Each record below needs to be reproduced precisely, though not its pictures.
....................
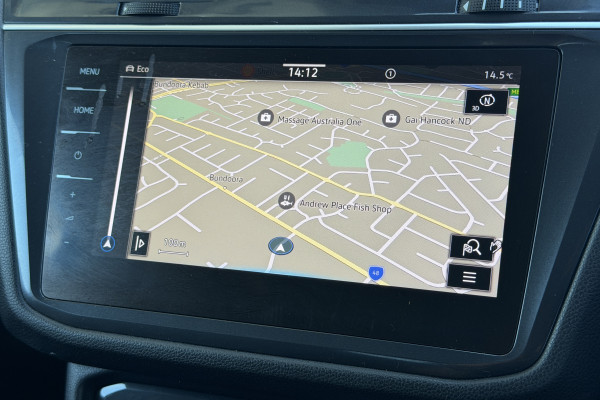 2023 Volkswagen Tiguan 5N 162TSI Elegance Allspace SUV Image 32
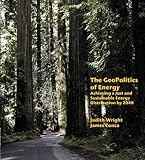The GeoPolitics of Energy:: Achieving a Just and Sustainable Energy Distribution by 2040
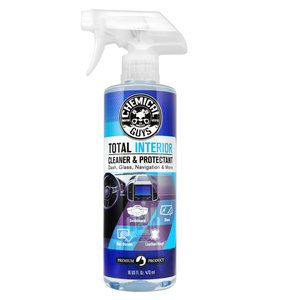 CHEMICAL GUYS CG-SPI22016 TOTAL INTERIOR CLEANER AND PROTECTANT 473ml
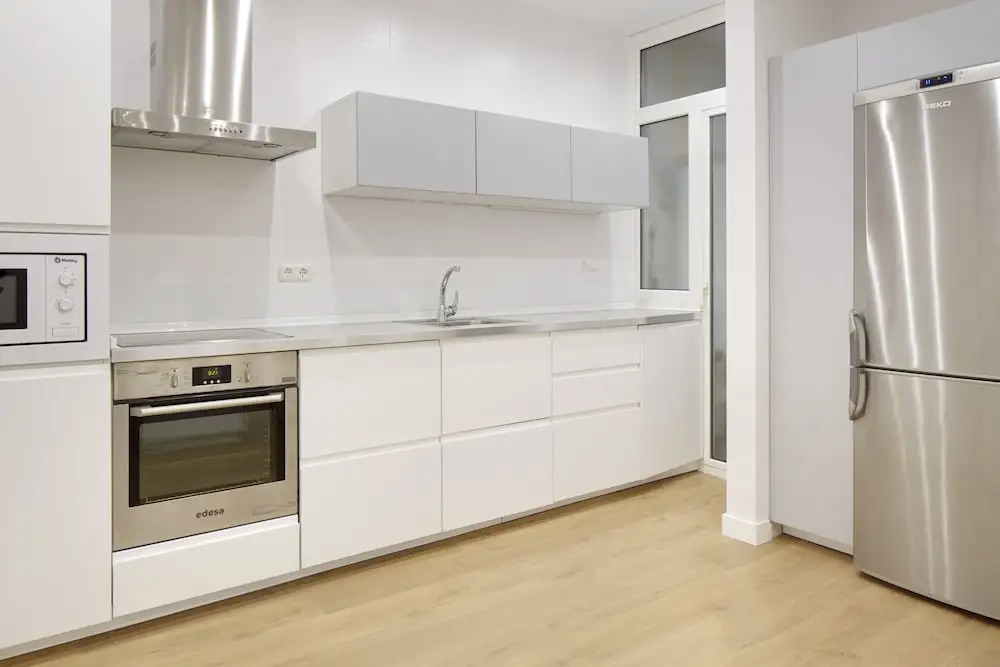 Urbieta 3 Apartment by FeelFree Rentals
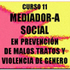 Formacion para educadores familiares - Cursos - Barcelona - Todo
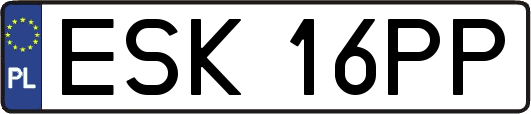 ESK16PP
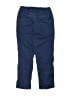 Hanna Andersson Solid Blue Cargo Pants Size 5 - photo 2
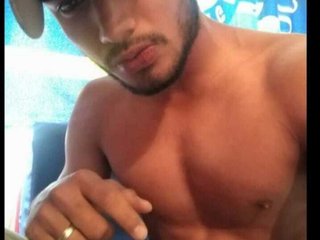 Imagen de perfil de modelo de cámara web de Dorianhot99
....................
SOLUTION TO THE EXERCISE =
 2023 Volkswagen Tiguan 5N 162TSI Elegance Allspace SUV Image 32
The GeoPolitics of Energy:: Achieving a Just and Sustainable Energy Distribution by 2040
 CHEMICAL GUYS CG-SPI22016 TOTAL INTERIOR CLEANER AND PROTECTANT 473ml
 Urbieta 3 Apartment by FeelFree Rentals
 Formacion para educadores familiares - Cursos - Barcelona - Todo
 ESK16PP
 Hanna Andersson Solid Blue Cargo Pants Size 5 - photo 2
 Imagen de perfil de modelo de cámara web de Dorianhot99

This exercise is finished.